# What do you all do with extra fish?



## Huugs

Hi guys my danio fry has just kept coming and coming. I have 53 in a net breeder and had to leave the rest that appeared last nite in the tank to get eaten because there is no chance I have enough space. I live in london in the UK and was wondering what other ppl over here do with the fish they cant keep? I heard you have to have a pet liscence to sell and that no pet store will take them. Ive only kept this many bcause Isure they wont all survive, if any, as the tank is still cycling.


----------



## fishfreaks

hm you could just leave them in the tank and see what happens.


----------



## fish_doc

Give them to schools and nursing homes when the grow a bit. Plenty of friends may want them or find a local fish club that may be able to find places for them to go.


----------



## Larry-T

I go to several large auctions with our local "general" club every year. I typically spend about $150 - $200 at the auction, but get back more than that for the fish I offer for sale. I also trade in fish with several local pet stores and haven't paid a penny in cash for frozen food locally in three years.

I also got two 20 gal tanks, one 30, and one 40, along with stands and glass covers for them all just for fish I've traded in.

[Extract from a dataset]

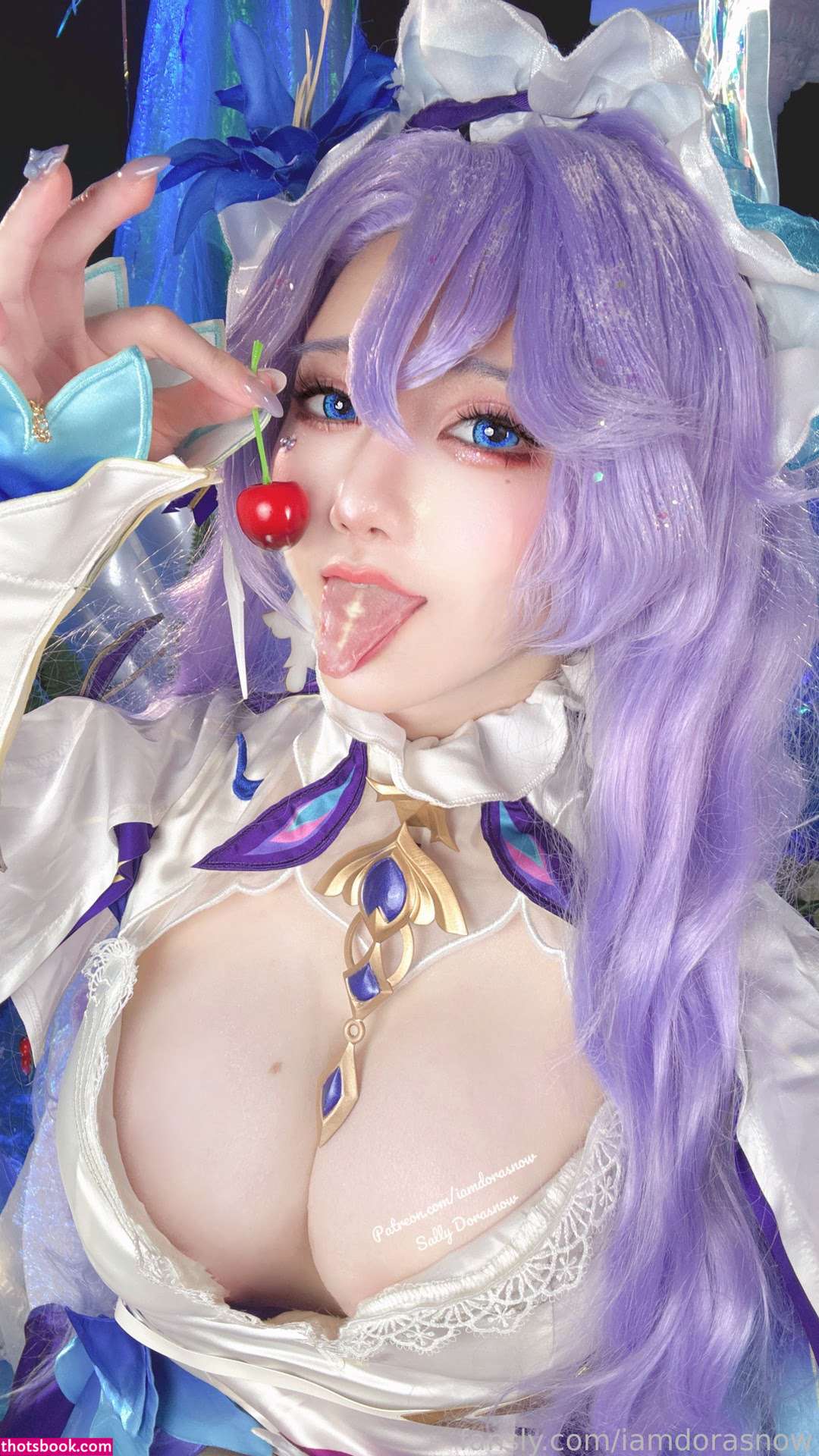 Sally Dorasnow Photo #332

That doesn't count the monthly auctions with our local cichlid club and the killie club <grin>.


----------



## Huugs

Ok well I dont think any of they lfs's actually take fish of the hands of the public over here which is annoying. Ill just have to find some people who want the fish.


----------



## TheOldSalt

Well, check around to be sure. I can't belive that the local stores won't take locally grown fish, since locally grown fish are a prized commodity.


----------



## lynmccoy

In additon to the nursing homes, you could offer to donate them to preschools,daycare centers,put an ad in your local newspaper offering free guppies. I had 2 churches ask for some of my babies for their children's room. I usually have most of my fry given away before they are born. The way I see it, it's better than being eaten.


----------



## emc7

I've heard the UK had draconian restrictions. Doing things like arresting store owners for selling fish to an unaccompanied 14-year old. Where I live you need a license to sell, but stores can give you store credit, so you trade fish for supplies like food and dechlor. And Craigslist sales are pretty much unwatched. Try to find a local club or discussion board and talk to your fish-keeping neighbors.


----------



## Hansolo

You could get another tank with cichlads like Oscars or Jack Dempskys. Then just feed your fry to them after you let them grow out a bit. Just a thought


----------



## egoreise

Check and see if you have a local freecycle group. www.freecycle.org


----------



## lohachata

june 2005......lol


----------



## PhsychoFish

feed them to your amphibians and/or reptiles


----------



## chronoboy

I just flush them down the toilet if they will fit..........


----------



## chronoboy

I was just joking, I just put a add on Craigslist for free fish.


----------



## Betta man

lol!!!!!!!!!!


----------



## e048

angel fish dinner!


----------



## Betta man

I donate em to petco or another store that buys from me!


----------



## Cichlid Dude!

I'm not familiar with UK laws, I live in CA., but one thing you could try would be using the fry as a live food or conditioning food for larger fish. Or, I you want t make someones day, you could try giving them away.


----------